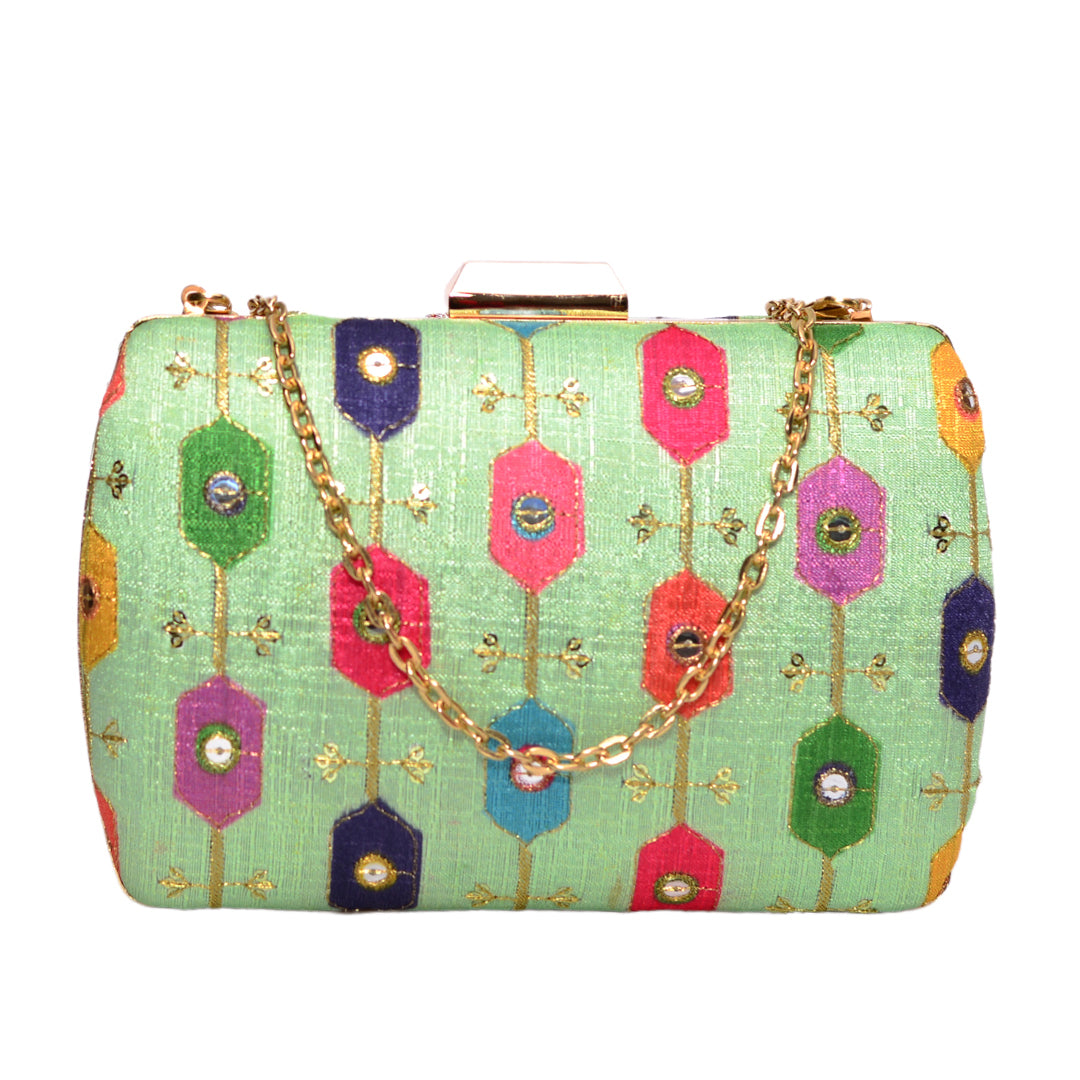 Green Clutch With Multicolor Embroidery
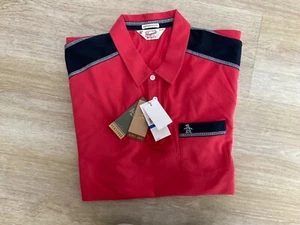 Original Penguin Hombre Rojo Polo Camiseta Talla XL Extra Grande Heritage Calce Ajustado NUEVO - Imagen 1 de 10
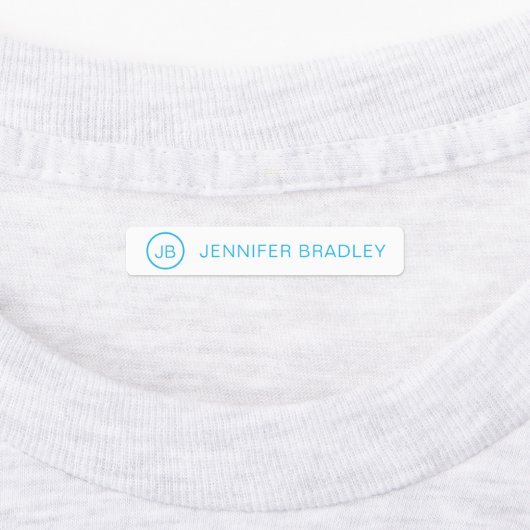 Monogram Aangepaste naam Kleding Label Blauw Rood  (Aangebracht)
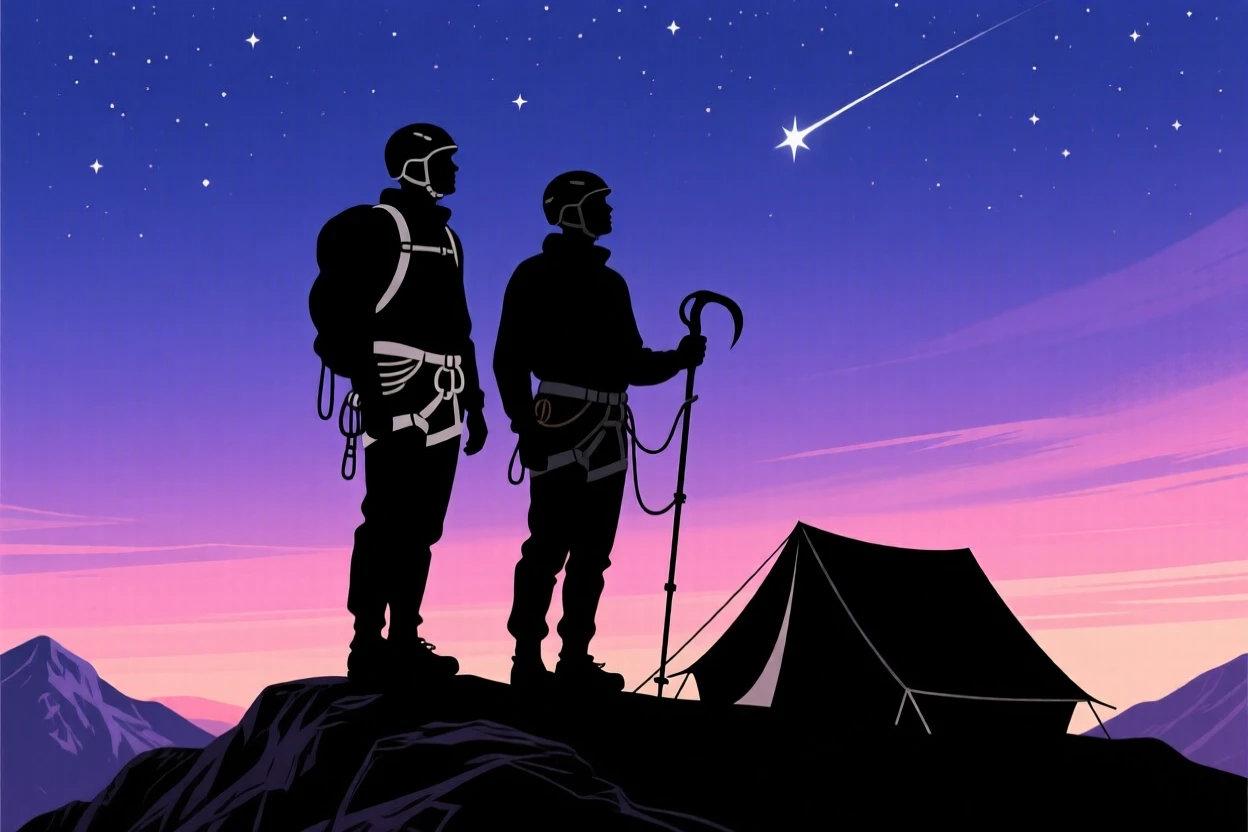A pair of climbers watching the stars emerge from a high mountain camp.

PROBLEM DETAILS
Would you please retype the material above exactly and leave out each picture?

SOLUTION FOR THIS TASK
 Green Clutch With Multicolor Embroidery
 Original Penguin Hombre Rojo Polo Camiseta Talla XL Extra Grande Heritage Calce Ajustado NUEVO - Imagen 1 de 10
 Monogram Aangepaste naam Kleding Label Blauw Rood  (Aangebracht)
A pair of climbers watching the stars emerge from a high mountain camp.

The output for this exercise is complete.